==== Material to process
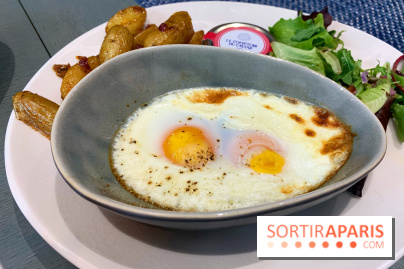 Le Comptoir du Caviar - printemps-été 2019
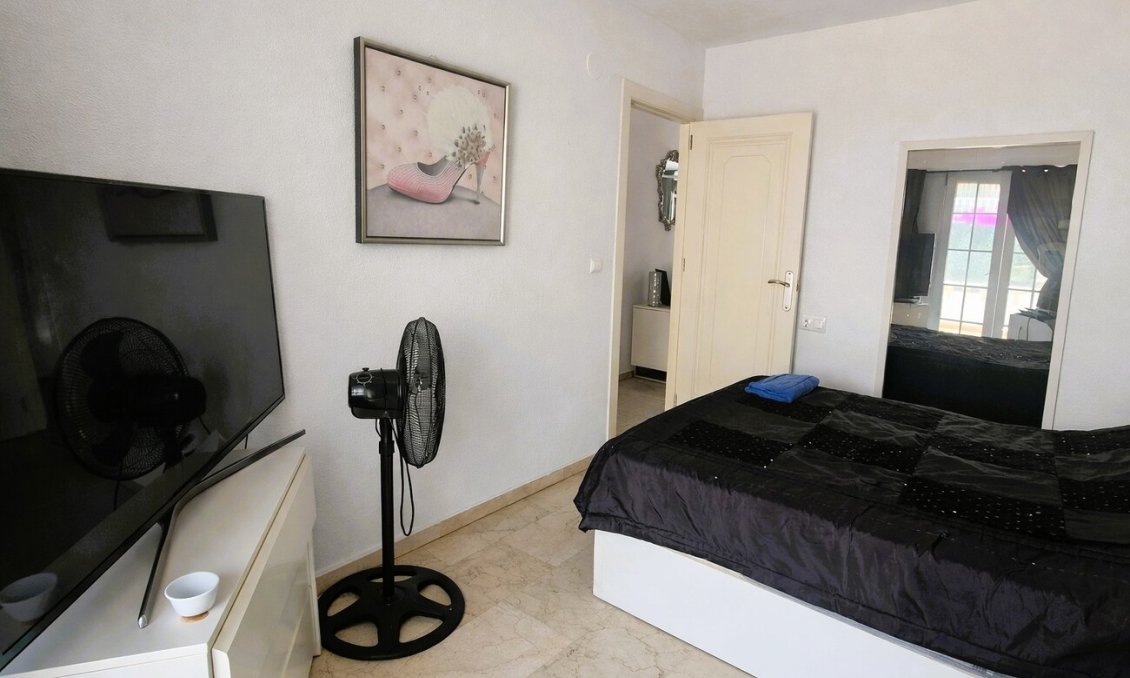 Revente - Maison de ville -
Los Dolses - Inland
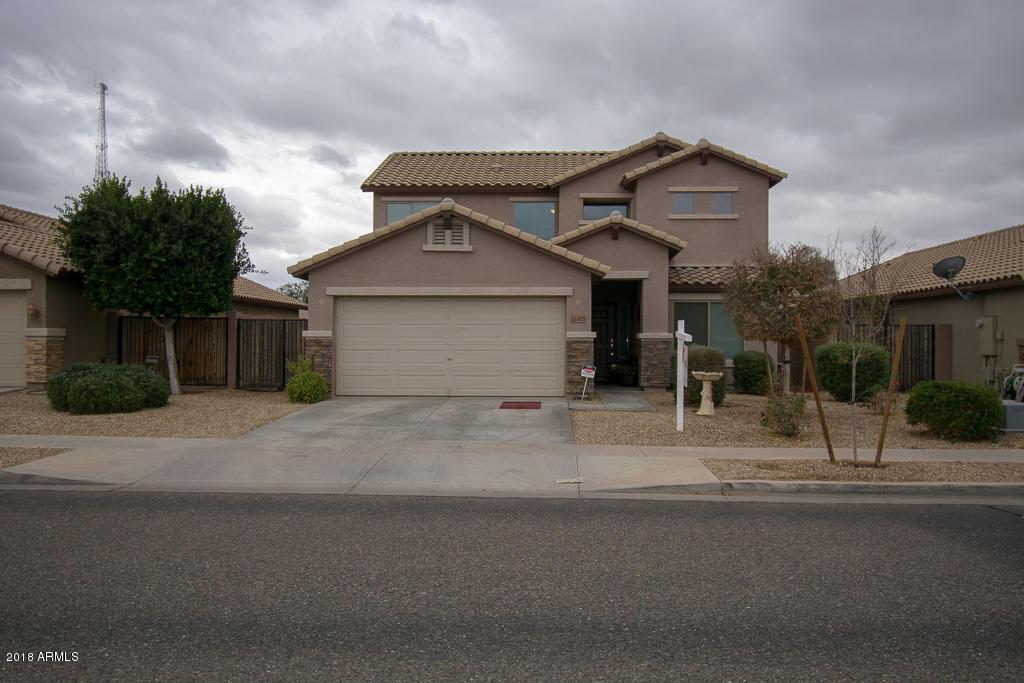 11425 W Hadley St., Avondale, AZ 85323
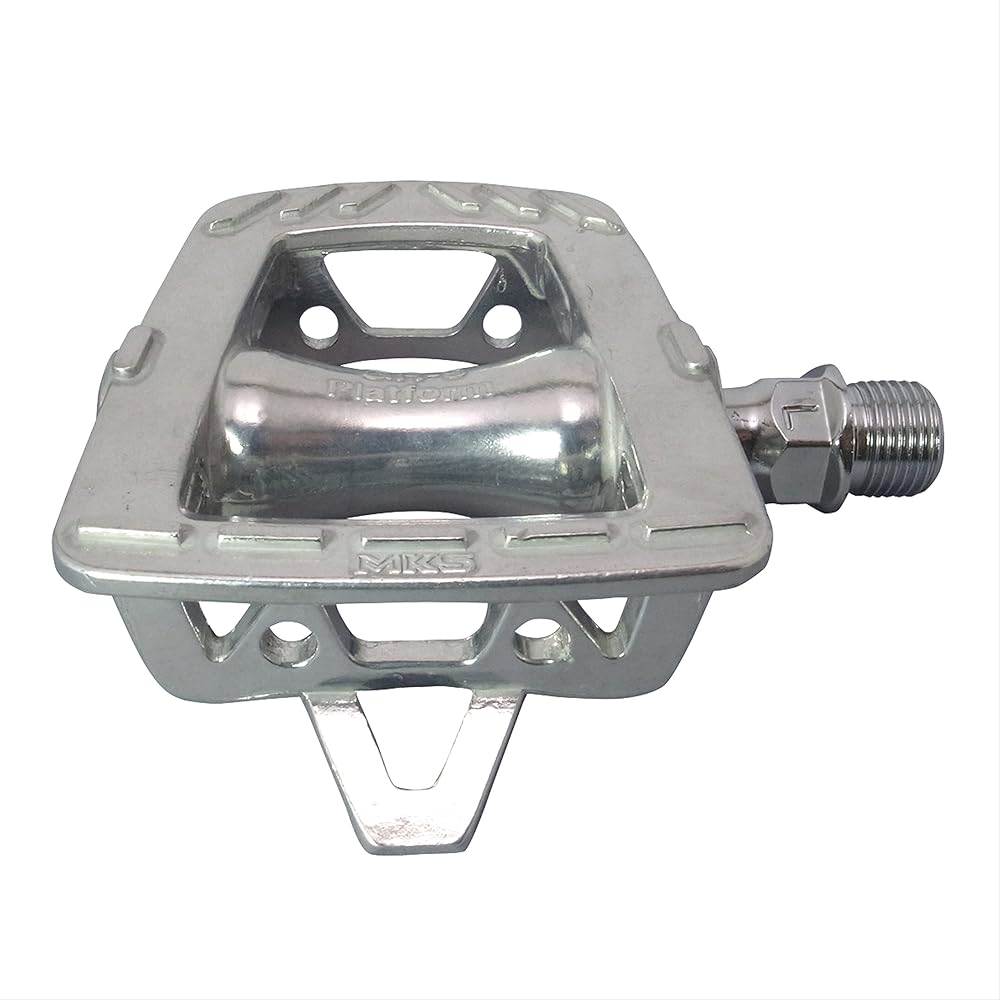 MKS (Mikashima) Pedal Made in Japan GR-9 [GR-9] Left and Right Set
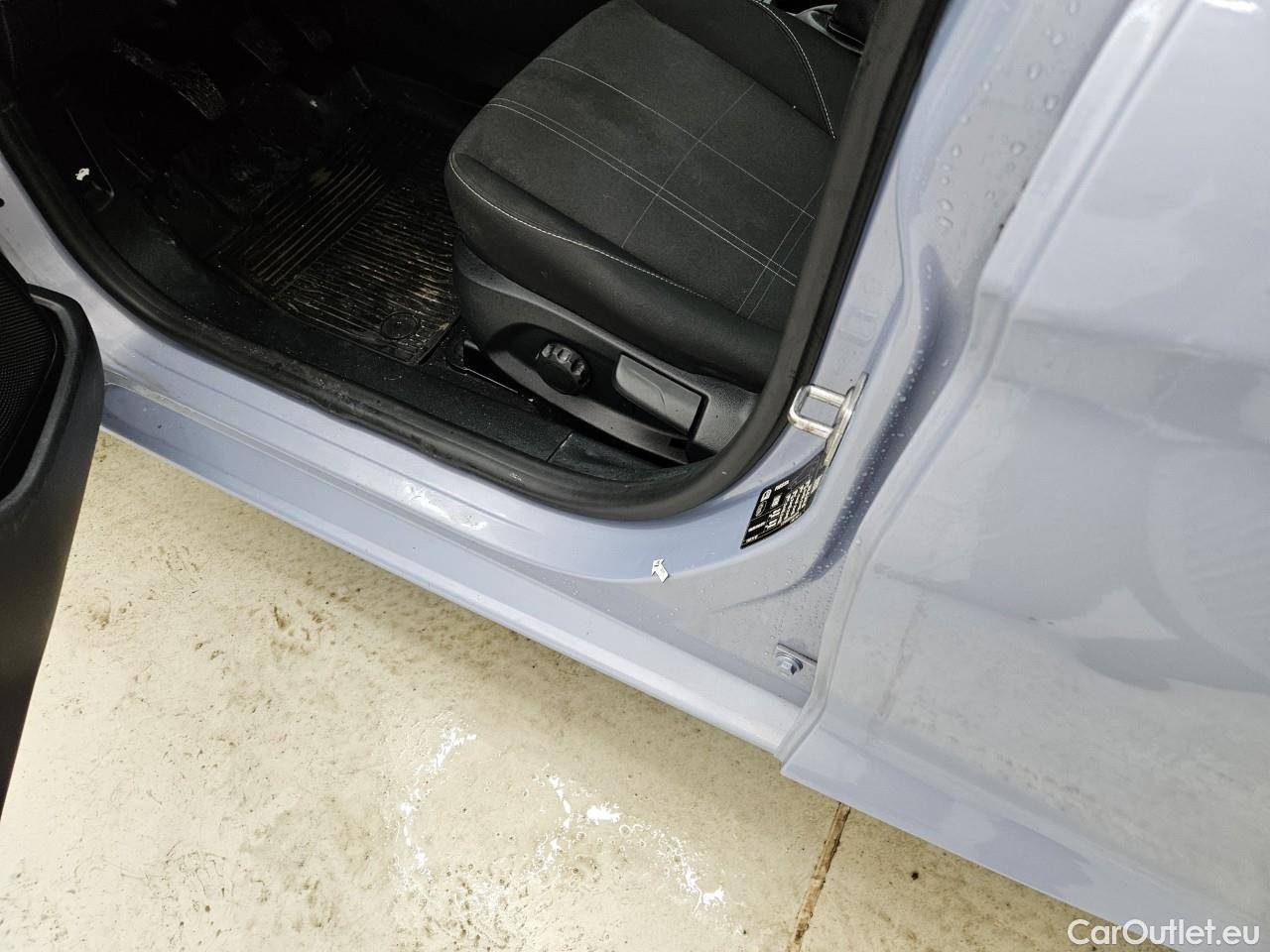  Ford  Fiesta 1.0 EcoBoost 95CP Trend Connected #4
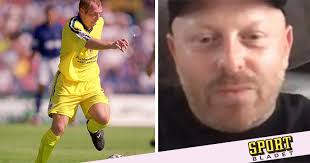 Förra Liverpool-spelaren gripen i narkotikahärva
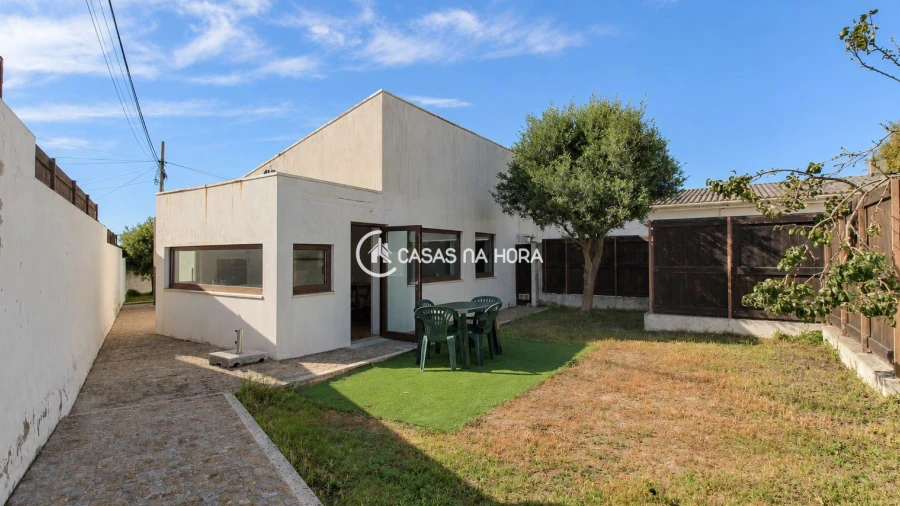 Moradia T1 para Arrendamento em Perafita, Lavra e Santa Cruz do Bispo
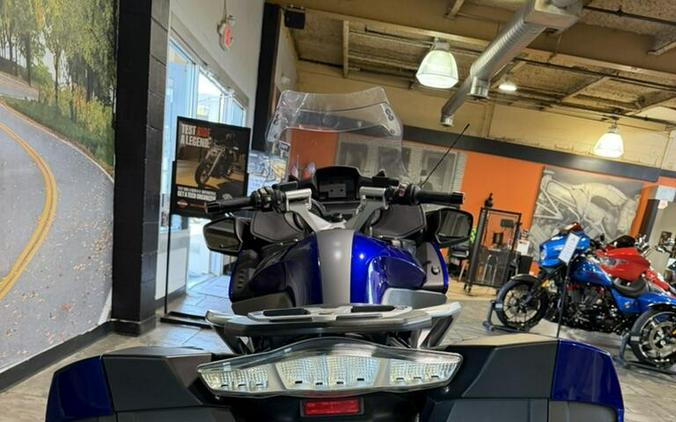 2015 BMW Motorrad R 1200 RT No Gimmicks, No Hidden Fees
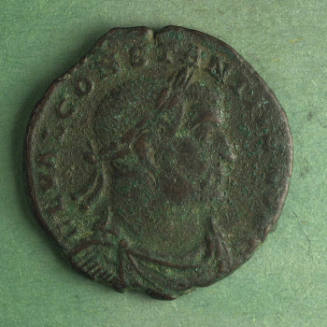 Coin, Roman Empire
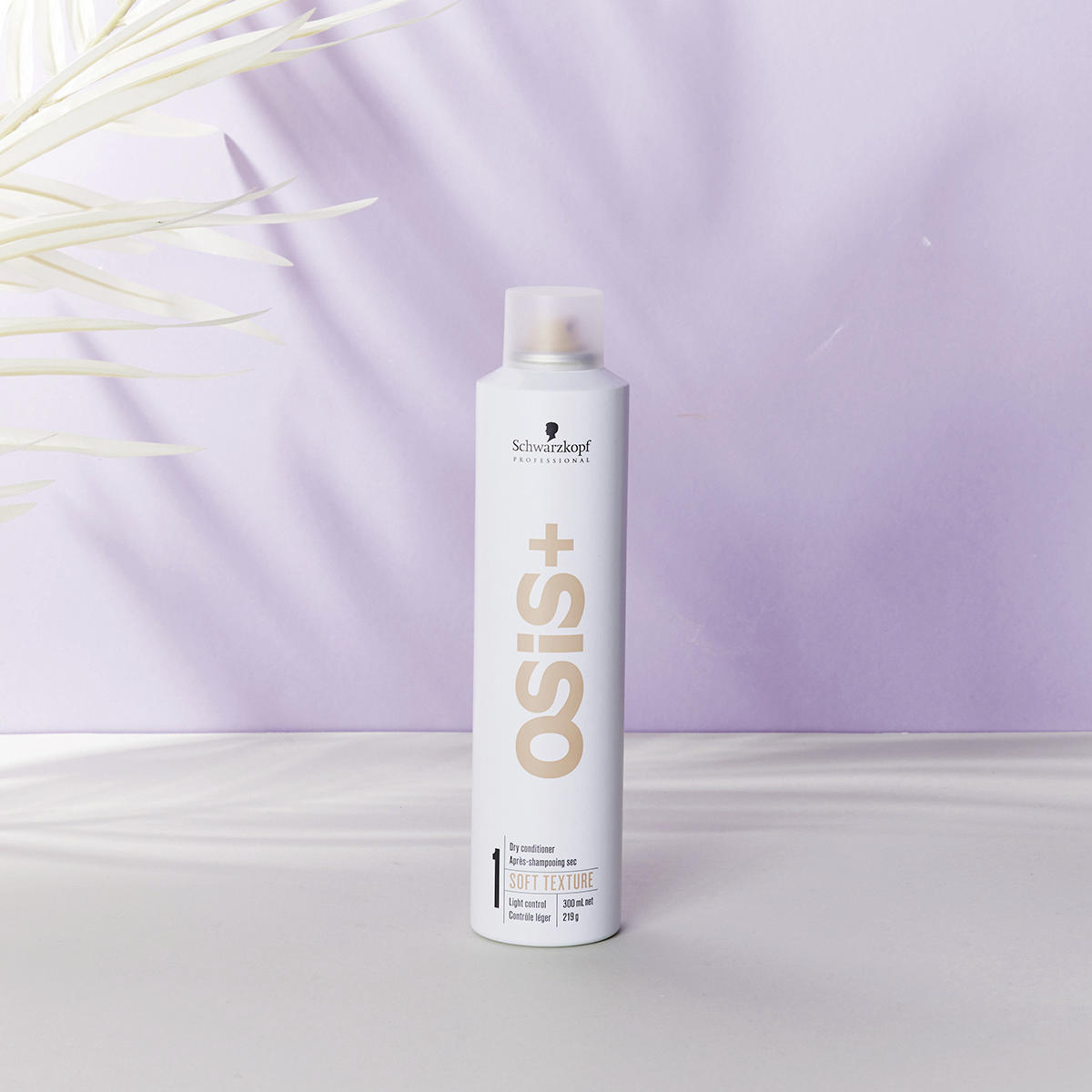 Schwarzkopf Professional OSIS+ Core Long Texture Soft Texture Dry Conditioner 300 ml - 3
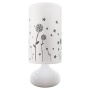 Lampka stołowa ZYTA FOOT E14 max 25W IP20 biała STRÜHM.jpg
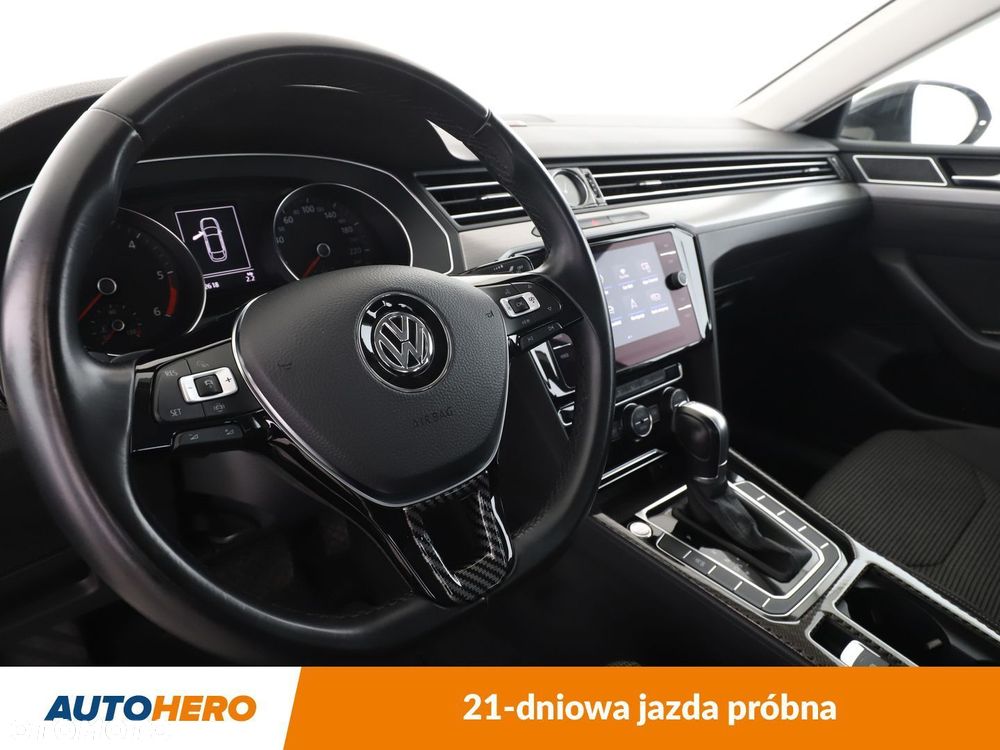 Volkswagen Arteon - 12
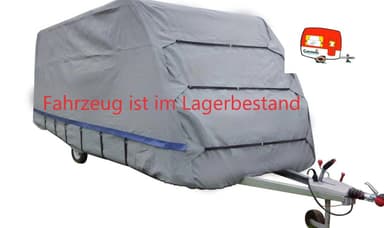 Dethleffs c-joy 480 QLK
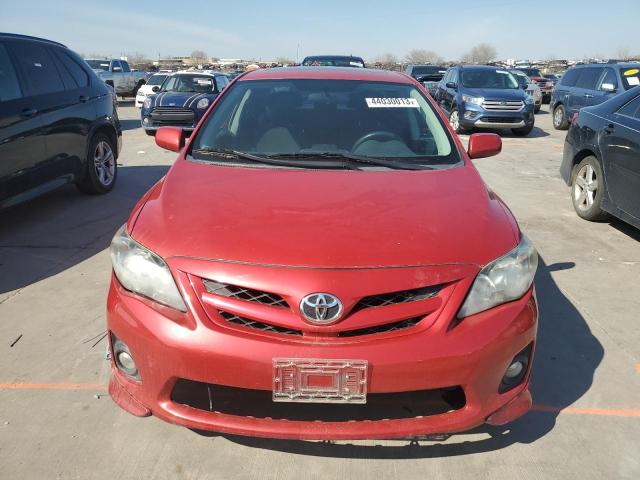 Photo 4 VIN: 2T1BU4EE5DC971466 - TOYOTA COROLLA BA 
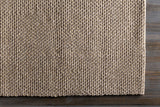 Kirksville Flatweave Wool&Viscose Rug - Clearance - Ornate Home
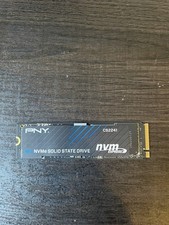 2 xlr8 pny hard drive tb for sale  Pevely
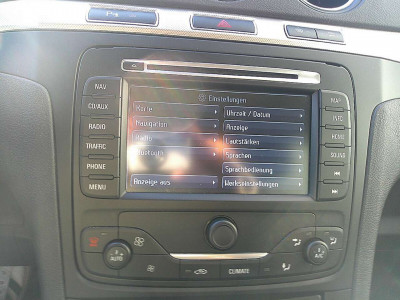 Ford Galaxy Gebrauchtwagen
========
Beginning at the line that contains "Lampka stołowa ZYTA" and ending at the last line of the data, return each line exactly; no picture belongs in the copy.

▶ [Written solution]
 Lampka stołowa ZYTA FOOT E14 max 25W IP20 biała STRÜHM.jpg
 Volkswagen Arteon - 12
 Dethleffs c-joy 480 QLK
 Photo 4 VIN: 2T1BU4EE5DC971466 - TOYOTA COROLLA BA 
 Kirksville Flatweave Wool&Viscose Rug - Clearance - Ornate Home
 2 xlr8 pny hard drive tb for sale  Pevely
 Ford Galaxy Gebrauchtwagen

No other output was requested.